— Entries provided —
<<<<

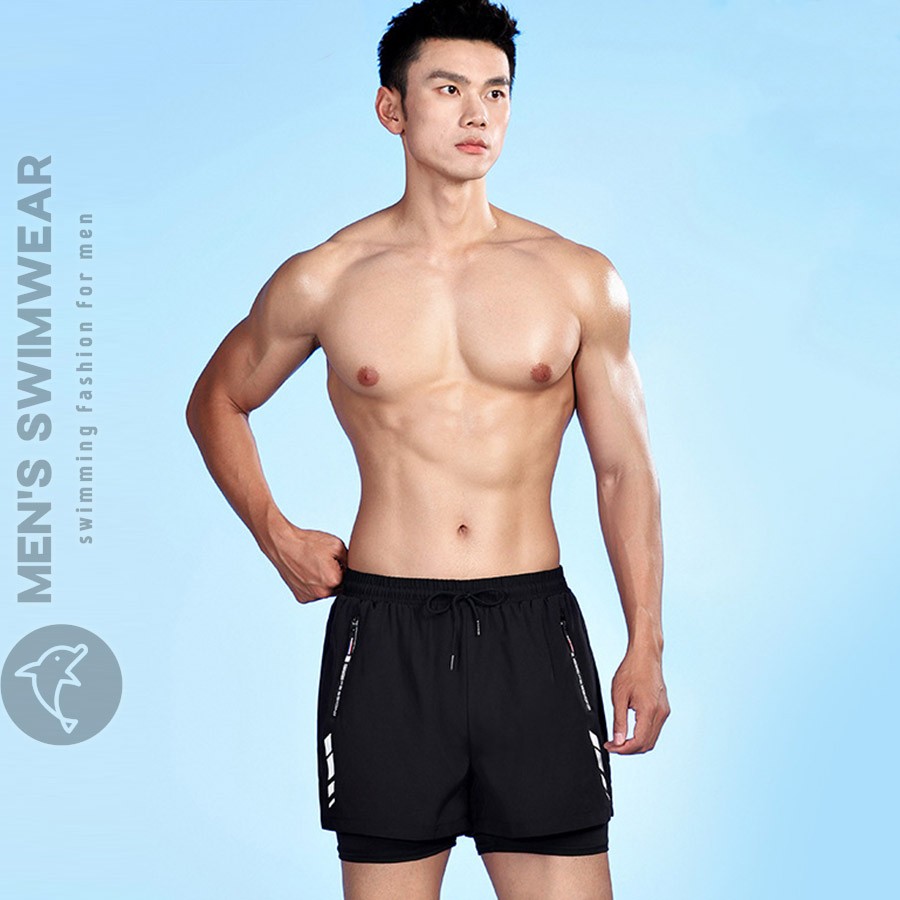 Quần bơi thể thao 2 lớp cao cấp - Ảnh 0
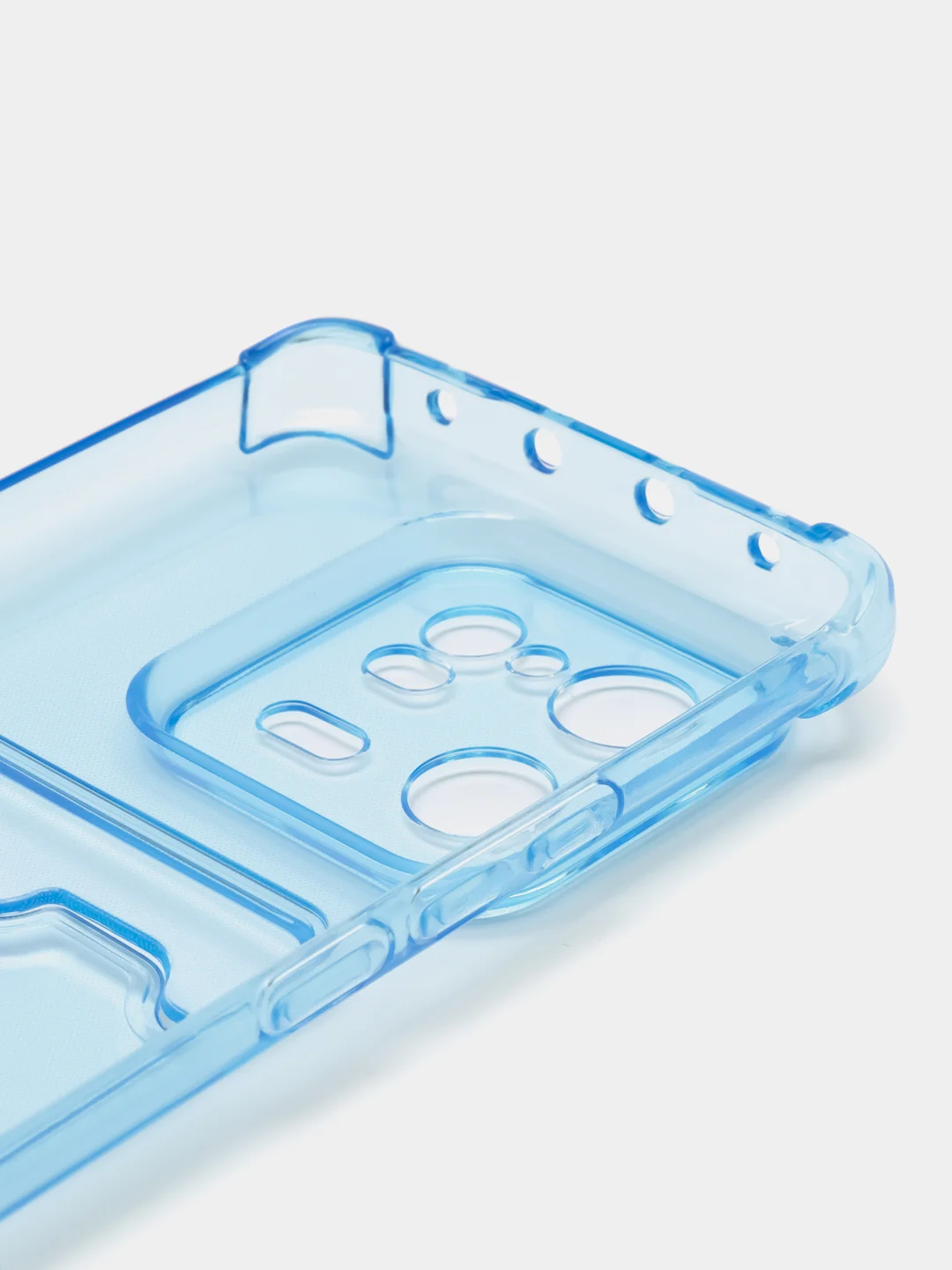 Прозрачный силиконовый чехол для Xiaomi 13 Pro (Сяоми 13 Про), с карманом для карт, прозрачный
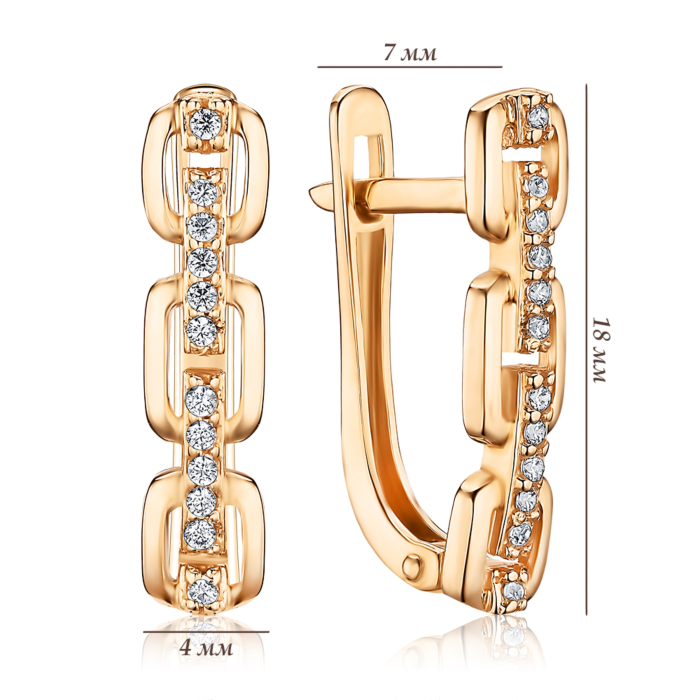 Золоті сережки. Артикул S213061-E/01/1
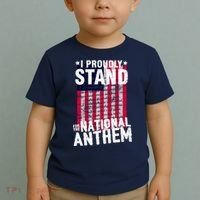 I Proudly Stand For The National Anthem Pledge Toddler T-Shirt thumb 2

>>>>
<<<<

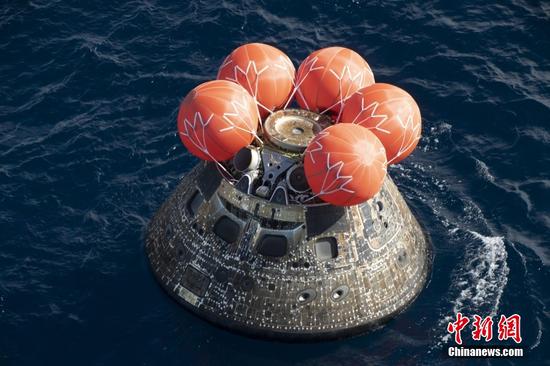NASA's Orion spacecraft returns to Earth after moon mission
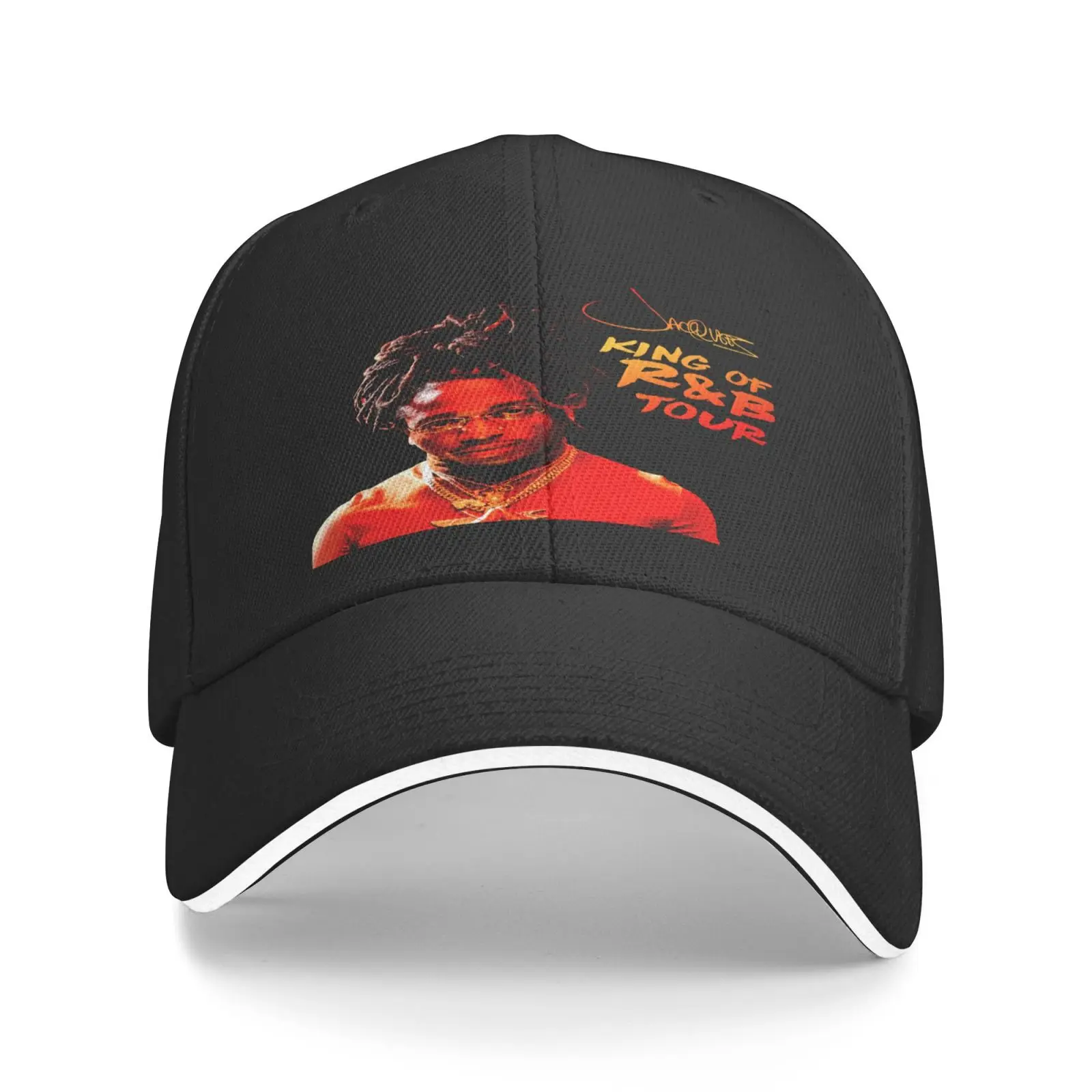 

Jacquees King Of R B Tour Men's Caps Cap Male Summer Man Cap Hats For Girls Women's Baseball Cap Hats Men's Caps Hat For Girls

>>>>

Using the listing above, repeat word for word each line from the one with "NASA's Orion spacecraft" down to the one with "Jacquees King Of", both included. Omit all pictures.

— Result —
NASA's Orion spacecraft returns to Earth after moon mission

Jacquees King Of R B Tour Men's Caps Cap Male Summer Man Cap Hats For Girls Women's Baseball Cap Hats Men's Caps Hat For Girls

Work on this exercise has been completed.